Directed by: Kazuaki Terasawa

Thematically well-intentioned and with fantastic music and solid acting, this OVA from Studio Kafka and director Kazuaki Terasawa is their first foray into Ancient Magus Bride, prior to season 2, and proves to be pretty solid and in-line with the series, perhaps even better balancing the tone between precious and funny and contemplative over season 1. However, besides the general mingling of myth and reality, there’s not much to this 3-part OVA that feels especially intermingled with the show’s world or its characters; it is a story in which Elias and Chise appear, but are not especially necessary, but also take up too much space for secondary character Gabriel to really have an impactful storyline. 

From the top down, though, this is intriguing: the folkloreish Wild Hunt has found its way to Ancient Magus Bride territory, but happenstance makes its outset go afoul, leaving one of its riders and its steed separated, an event which causes the Hunt to have deleterious effects on the surrounding forest. The horse finds its way to Chise and Elias; a young boy named Gabriel finds the amnesiac knight, also visually a young boy, who he nicknames Evan. 

Chise’s side of things is mostly harmless situational comedy, filling space before we can switch over to Gabriel. Gabriel’s family moved out to the countryside due to the boy’s asthma; he’s upbeat, but frustrated by how protective his parents can be, and the realization that he’s now pretty isolated from his friends back in the city. The discovery of a new ‘playmate’ – even while intelligently piecing together that he has to help “Evan” reunite with his own ‘family’ – is surely appealing to Gabriel, and the thematic tie-in to Magus’ various season 1 threads of inevitability and fighting fate is well-intentioned; watching Gabriel get stuck between pursuing this reunification quest and accepting his current lot is balanced and effected and acted well. It’s just too bad that couldn’t be a standalone story / movie. 

Because: the end of the second episode includes the turn that attempts to justify setting this tale more specifically in this world, and while it’s logical, it also derails Gabriel’s storyline for the sake of providing some third-episode action, and giving Chise / Elias more of a reason to he here than iust bringing a horse around. All of it makes sense overall, but the scribbly line between story and character makes both sides somewhat flimsy, meaning Gabe’s story could’ve better been told over more episodes, or Chise’s half better interwoven during the same, or this becomes its own movie, with no need to include Magus mythology. 
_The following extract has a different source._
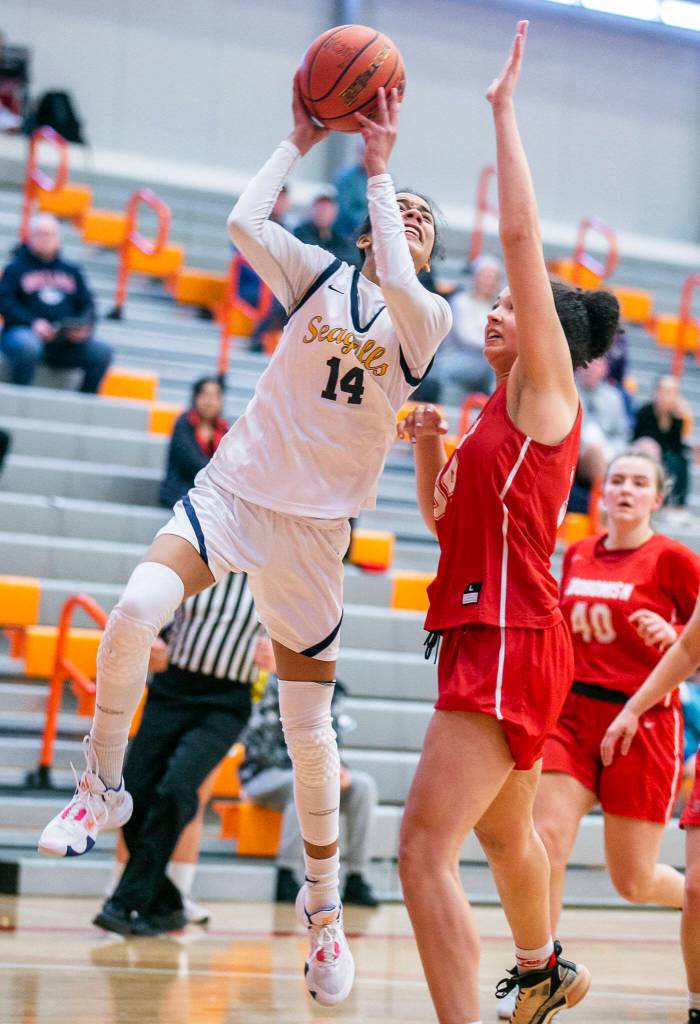 Everetts Mae Washington makes a layup during the game against Snohomish on Saturday, Feb. 18, 2023 in Everett, Washington. (Olivia Vanni / The Herald)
Studio Kafka does a great job of adopting the general style of the show. While I’d say scenes and models feel a bit less “dense” over Wit, Terasawa and the animators capture the vibe well, and design some gorgeous framings. And the score, again by Junichi Matsumoto, underlines the intended weight of the story, though not so discrepantly as to be distracting – it’s a good counterbalance, and also provides quite stunning tunes on its own terms. 

The Boy from the West and the Knight of the Blue Storm is an acceptable, entertaining effort. While it’s not a “necessary” story by any means, and rather undermined by linking itself to Ancient Magus Bride’s characters, it also proves the new studio can handle the dormant-for-awhile series, and might settle into its own, more defined approach as we go along.